## [TASK DESCRIPTION]
The lines from the start of the records through the one containing "बीजापुर में उपमुख्यमंत्री" are to be restated word for word; please include both ends.

=== DATA SHOWN ===

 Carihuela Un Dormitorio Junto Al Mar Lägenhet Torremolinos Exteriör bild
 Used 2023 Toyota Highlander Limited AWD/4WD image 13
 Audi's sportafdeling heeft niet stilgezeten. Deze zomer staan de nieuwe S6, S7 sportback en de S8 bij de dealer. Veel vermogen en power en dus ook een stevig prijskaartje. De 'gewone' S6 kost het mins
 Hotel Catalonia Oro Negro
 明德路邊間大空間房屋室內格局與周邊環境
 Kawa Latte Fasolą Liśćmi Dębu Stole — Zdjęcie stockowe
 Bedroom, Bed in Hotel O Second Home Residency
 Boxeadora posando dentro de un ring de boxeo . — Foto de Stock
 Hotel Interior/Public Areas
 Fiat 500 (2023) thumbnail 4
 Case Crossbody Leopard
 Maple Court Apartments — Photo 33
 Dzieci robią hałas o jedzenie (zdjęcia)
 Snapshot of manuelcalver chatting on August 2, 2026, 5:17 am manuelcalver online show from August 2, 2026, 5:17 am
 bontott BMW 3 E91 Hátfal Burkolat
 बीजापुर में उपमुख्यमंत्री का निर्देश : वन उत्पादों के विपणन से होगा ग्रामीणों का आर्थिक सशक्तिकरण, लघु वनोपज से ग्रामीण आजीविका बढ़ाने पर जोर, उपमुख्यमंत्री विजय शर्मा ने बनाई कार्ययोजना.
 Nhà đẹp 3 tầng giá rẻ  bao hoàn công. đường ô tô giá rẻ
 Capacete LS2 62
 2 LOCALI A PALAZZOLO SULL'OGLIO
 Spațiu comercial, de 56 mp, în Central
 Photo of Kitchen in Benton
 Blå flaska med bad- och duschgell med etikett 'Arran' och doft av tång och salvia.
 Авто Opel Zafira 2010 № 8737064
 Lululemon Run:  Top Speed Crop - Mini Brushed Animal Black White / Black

===

## [ANSWER TO THIS EXERCISE]
 Carihuela Un Dormitorio Junto Al Mar Lägenhet Torremolinos Exteriör bild
 Used 2023 Toyota Highlander Limited AWD/4WD image 13
 Audi's sportafdeling heeft niet stilgezeten. Deze zomer staan de nieuwe S6, S7 sportback en de S8 bij de dealer. Veel vermogen en power en dus ook een stevig prijskaartje. De 'gewone' S6 kost het mins
 Hotel Catalonia Oro Negro
 明德路邊間大空間房屋室內格局與周邊環境
 Kawa Latte Fasolą Liśćmi Dębu Stole — Zdjęcie stockowe
 Bedroom, Bed in Hotel O Second Home Residency
 Boxeadora posando dentro de un ring de boxeo . — Foto de Stock
 Hotel Interior/Public Areas
 Fiat 500 (2023) thumbnail 4
 Case Crossbody Leopard
 Maple Court Apartments — Photo 33
 Dzieci robią hałas o jedzenie (zdjęcia)
 Snapshot of manuelcalver chatting on August 2, 2026, 5:17 am manuelcalver online show from August 2, 2026, 5:17 am
 bontott BMW 3 E91 Hátfal Burkolat
 बीजापुर में उपमुख्यमंत्री का निर्देश : वन उत्पादों के विपणन से होगा ग्रामीणों का आर्थिक सशक्तिकरण, लघु वनोपज से ग्रामीण आजीविका बढ़ाने पर जोर, उपमुख्यमंत्री विजय शर्मा ने बनाई कार्ययोजना.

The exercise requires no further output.